Le ragazze di Sanfrediano, di Vasco Pratolini
“Tu mi fai girar, tu mi fai girar come fossi una bambola. Poi mi butti giù, poi mi butti giù come fossi una bambola…”. Se non ci fosse una differenza temporale di diciannove anni, si potrebbe affermare che Vasco Pratolini, all’atto della stesura de Le ragazze di Sanfrediano (edizioni BUR), stesse canticchiando tra sé il famoso successo di Patty Pravo. E se volessimo continuare questo anacronistico legame (il romanzo viene pubblicato nel 1949 e la canzone incisa nel 1968), potremmo affermare che di fronte al microfono non vi sarebbe una ma ben cinque ragazze: Silvana, Mafalda, Gina, Bice e Tosca, le ragazze di borgo Sanfrediano. Il motivetto verrebbe dedicato a Bob, giovane rubacuori per diletto, spaccone, sogno proibito di tutte le ragazze del circondario.
Ma chi è davvero Bob? E perché tutte s’innamorano di lui?
Bob è l’amante perfetto: grande adulatore, sguardo che t’incanta, voce maliziosa. Bob è il gusto proibito della relazione clandestina, è il brivido dell’attesa, è un complimento romantico catturato nella notte. Quanto è reale? Poco, perché il giovanotto in questione, Aldo all’anagrafe, altro non è che un attento studio del personaggio, un attore di fiction ante-litteram che si diverte a riempire le sue giornate tra un bacio rubato e una carezza fuggevole, tra un’adulazione e un gioco di sguardi:
Egli amava sempre la donna a cui stava vicino, e solo lei nel momento in cui la carezzava, ma la sua giornata era costellata di questi istanti esclusivi, e via via diversi, poiché Bob, ormai, si riteneva dotato di un’immensa riserva di affetto che una sola donna sarebbe stata incapace di accentrare ed esaurire.
Ma come canterà la ragazza del Piper quasi vent’anni dopo, anche le ragazze di Sanfrediano, una volta scoperto il vero volto del playboy toscano, non si lasceranno più mettere tra le bambole che non piacciono più e, unite nella vendetta, andranno a riprendersi con le unghie dignità e amor proprio rubato.

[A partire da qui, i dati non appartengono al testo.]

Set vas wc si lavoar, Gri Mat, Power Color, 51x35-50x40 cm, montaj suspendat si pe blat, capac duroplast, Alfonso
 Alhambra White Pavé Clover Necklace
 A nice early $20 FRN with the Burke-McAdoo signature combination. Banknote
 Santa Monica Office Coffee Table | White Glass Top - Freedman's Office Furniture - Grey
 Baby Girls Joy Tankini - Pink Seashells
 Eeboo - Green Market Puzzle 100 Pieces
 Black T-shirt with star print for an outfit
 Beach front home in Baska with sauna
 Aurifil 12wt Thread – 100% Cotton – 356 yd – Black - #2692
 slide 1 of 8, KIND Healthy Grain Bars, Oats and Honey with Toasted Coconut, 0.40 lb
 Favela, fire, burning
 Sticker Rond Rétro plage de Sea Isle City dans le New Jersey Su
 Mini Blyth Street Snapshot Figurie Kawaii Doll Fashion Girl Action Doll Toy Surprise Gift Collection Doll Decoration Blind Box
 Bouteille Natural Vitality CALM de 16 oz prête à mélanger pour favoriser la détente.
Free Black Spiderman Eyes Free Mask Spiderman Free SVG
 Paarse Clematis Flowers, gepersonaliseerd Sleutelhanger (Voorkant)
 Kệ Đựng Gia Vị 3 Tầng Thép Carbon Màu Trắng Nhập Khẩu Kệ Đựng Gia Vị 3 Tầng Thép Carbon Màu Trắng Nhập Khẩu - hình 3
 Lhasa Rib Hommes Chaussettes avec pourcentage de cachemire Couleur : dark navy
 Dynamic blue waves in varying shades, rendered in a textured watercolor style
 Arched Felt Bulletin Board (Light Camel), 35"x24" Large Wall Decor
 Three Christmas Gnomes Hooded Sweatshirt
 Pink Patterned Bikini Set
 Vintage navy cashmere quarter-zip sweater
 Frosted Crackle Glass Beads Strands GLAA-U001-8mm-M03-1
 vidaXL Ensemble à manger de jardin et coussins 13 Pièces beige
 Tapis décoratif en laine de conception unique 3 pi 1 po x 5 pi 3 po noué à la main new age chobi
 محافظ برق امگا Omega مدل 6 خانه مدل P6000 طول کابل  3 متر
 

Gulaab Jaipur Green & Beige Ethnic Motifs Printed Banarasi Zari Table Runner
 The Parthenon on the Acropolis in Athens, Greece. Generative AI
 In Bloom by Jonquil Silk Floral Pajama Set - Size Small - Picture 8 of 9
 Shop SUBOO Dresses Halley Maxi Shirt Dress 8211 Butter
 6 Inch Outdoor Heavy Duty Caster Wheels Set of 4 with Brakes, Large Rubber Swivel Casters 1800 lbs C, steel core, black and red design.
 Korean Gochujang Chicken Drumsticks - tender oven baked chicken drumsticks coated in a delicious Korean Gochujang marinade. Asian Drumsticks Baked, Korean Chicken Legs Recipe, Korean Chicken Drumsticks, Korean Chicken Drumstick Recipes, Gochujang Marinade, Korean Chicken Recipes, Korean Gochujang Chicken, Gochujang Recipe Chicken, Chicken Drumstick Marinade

Vasco Pratolini ammalia il lettore con la sua prosa arricchita di dialetto fiorentino, e racconta una storia apparentemente semplice quanto rivoluzionaria all’epoca della pubblicazione: nella nuova Italia del Dopoguerra non vi è più spazio per la discriminazione sessuale. Le donne acquisiscono lo stesso valore degli uomini e a volte, come in questo caso, si rivelano migliori, più leali, determinate, vere. Nel bene e nel male.